This article is taken from the August/September 2022 issue of The Critic. To get the full magazine why not subscribe? Right now we’re offering five issues for just £10.
This is a banner year for golden sporting anniversaries. First 1972 gave us
Bob Massie, as detailed in last month’s column. Then it gave us Mary Peters.
The Munich Olympics were Mary’s last shot at glory. She had competed in the pentathlon at the two previous Games, finishing fourth in Tokyo in 1964 and ninth in Mexico City four years later.
This was her city
She lived in Belfast, where training conditions were tough — rainy, cold, a running track pitted with potholes, and of course repeated bombs and security alerts. But it was also for Belfast that she wanted to win as much as she did for herself. This was her city which she loved fiercely. Its people loved her right back, for her effervescence, her smile and her warmth.
The Olympic competition took place over two days. Spurred on by her number
(111, which she took as an omen), the atmosphere and the vast crowd — “it was the first time in my life and career I had a real audience, and I performed for them” — Mary attacked the first day like a woman possessed. Personal best in the 80m hurdles. Personal best in the shot. Personal best in the high jump.
Her overnight lead was 300 points, yet she couldn’t sleep. “Every time I looked at
my watch it seemed the hands had moved backwards.” For she knew that day two was the turf of her main rival, West Germany’s Heide Rosendahl, and that those 300 points could vanish in the blink of an eye.
Heide had already won individual long jump gold, and she picked up where she left off — a leap of 6.83m, just a centimetre off her own world record. Mary recorded 5.95m. Those 300 points were down to just 47. If Heide ran to her maximum in the 200 meters, Mary would need another lifetime best to cling onto gold. “People kept telling me not to worry, as I’d won a medal. But I kept saying ‘any medal is no good. It’s got to be the gold’.”

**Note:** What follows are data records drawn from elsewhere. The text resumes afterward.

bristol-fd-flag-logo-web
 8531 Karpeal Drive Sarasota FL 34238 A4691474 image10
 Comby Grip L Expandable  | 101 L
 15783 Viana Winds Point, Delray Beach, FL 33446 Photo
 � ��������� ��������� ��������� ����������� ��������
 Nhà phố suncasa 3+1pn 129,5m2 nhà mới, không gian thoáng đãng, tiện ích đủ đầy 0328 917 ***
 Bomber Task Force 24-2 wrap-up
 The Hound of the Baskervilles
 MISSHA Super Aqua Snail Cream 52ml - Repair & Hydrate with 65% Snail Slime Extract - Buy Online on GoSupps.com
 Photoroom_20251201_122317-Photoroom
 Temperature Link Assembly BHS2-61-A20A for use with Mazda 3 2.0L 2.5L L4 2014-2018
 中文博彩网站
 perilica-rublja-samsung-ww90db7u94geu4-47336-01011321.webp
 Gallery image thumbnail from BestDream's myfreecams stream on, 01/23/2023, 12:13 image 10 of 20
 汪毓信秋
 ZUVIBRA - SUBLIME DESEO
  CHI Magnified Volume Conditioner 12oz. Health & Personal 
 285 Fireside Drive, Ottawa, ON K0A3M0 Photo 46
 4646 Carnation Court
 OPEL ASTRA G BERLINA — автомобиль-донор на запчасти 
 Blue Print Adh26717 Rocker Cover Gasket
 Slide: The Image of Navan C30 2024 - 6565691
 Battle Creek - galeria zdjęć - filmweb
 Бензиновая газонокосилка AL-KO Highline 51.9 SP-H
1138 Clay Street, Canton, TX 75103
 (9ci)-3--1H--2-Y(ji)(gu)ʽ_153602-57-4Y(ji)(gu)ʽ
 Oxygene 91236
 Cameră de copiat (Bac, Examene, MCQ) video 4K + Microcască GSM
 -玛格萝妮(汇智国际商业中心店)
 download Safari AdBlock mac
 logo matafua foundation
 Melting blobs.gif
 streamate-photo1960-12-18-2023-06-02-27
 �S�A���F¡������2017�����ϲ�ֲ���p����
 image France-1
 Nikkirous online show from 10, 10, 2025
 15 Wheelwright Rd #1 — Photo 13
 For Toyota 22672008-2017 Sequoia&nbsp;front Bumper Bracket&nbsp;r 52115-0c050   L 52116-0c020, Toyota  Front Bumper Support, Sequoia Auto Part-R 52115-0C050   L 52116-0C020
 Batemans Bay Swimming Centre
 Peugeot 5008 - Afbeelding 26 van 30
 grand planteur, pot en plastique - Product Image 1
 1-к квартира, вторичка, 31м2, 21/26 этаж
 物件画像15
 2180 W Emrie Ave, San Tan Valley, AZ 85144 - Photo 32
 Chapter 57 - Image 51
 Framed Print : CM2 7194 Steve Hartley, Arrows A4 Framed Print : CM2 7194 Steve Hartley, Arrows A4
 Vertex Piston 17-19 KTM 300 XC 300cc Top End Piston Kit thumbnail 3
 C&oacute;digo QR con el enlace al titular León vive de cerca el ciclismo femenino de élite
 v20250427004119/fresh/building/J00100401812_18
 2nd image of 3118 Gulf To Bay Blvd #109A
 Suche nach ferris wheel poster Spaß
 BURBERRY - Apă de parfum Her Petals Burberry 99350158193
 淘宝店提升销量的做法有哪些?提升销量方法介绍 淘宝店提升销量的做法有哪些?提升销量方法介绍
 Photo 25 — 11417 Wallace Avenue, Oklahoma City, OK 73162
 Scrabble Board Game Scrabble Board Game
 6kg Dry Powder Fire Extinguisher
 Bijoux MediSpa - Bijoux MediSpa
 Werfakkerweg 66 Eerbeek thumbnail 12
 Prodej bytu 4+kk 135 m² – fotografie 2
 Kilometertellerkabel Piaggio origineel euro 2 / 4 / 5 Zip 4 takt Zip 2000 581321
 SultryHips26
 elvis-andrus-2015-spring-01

To their marks. The hush, the set, the gun, the roar. The stagger holding as the bend unwinds. Heide on the outside, red and white striped socks a blur as she flows down the track. Mary’s strides are shorter, choppier as she starts to lose ground.
In the BBC commentary box Ron Pickering unashamedly abandons any attempt at impartiality and instead channels the yearning of millions of viewers back home.
“Now come on, Mary, you need the run of your lifetime. Keep on going. Rosendahl on the outside. Pollak is going well but she’s only a yard clear. Mary, come on! come on! You’ve got two yards to make. Rosendahl hits the tape first, Bodner second, Pollak third, Peters fourth. But is it enough?”
For ten minutes they wait: officials poring over points tables, checking and double-checking their results, while the athletes stand in little huddles and the photographers swarm around. Suddenly Heide comes over and embraces Mary as the result flashes up on the board. PETERS, GBR, 4801: ROSENDAHL, GER, 4791. Ten points. Ten points is a tenth of a second, a tiny fraction of time in which gold medals are won and lost.
A death threat is phoned into the BBC. “Mary Peters is a Protestant and has won a medal for Britain. An attempt will be made on her life and it will be blamed on the IRA. Her home will be going up in the near future.”
A golden balm for a troubled and divided nation
“Bollocks to that,” she says. “I’m going back to Belfast.” And when she does the city turns out to welcome her: a golden balm for a troubled and divided nation, just as she wanted. “I won it for you,” she tells the crowd, “and I’ve brought it back for you.” she was offered jobs in the United States and Australia, but refused both. “I wouldn’t be happy. My family is the Northern Ireland people.”
She set up a trust in her name to support talented young sportsmen and women from across Northern Ireland. To date it’s helped more than 4,000 people, some of whom have gone onto stardom: golfers Darren Clarke, Graeme McDowell and Rory McIlroy, rugby player David Humphreys and boxer Carl Frampton.
She became British athletics team manager, the perfect mix of mother hen and sergeant-major, knowing instinctively who needed an arm round their shoulder and who a kick up the arse. More than one athlete in her charge owed their medal to a Mary P pep talk just before the off.
She championed the cause of women in sport, and in her footsteps as the best multi-event athlete in the world have come Denise Lewis, Jessica Ennis-Hill and Katarina Johnson-Thompson. She went into schools and spoke to children. She served as Lord Lieutenant of Belfast for five years, and at the track where she once trained she is immortalised in a bronze statue.
She’s now in her eighties but has the energy and enthusiasm of someone half her age: and she still, as she always did, knows the value of things rather than their price. “I’ll never be rich, I’ll never be able to afford exotic holidays, but the greatest pleasure I’ve had from my success is in being able to help other people.”
Lady Mary Peters. Olympic champion. National treasure. And gold, in every way.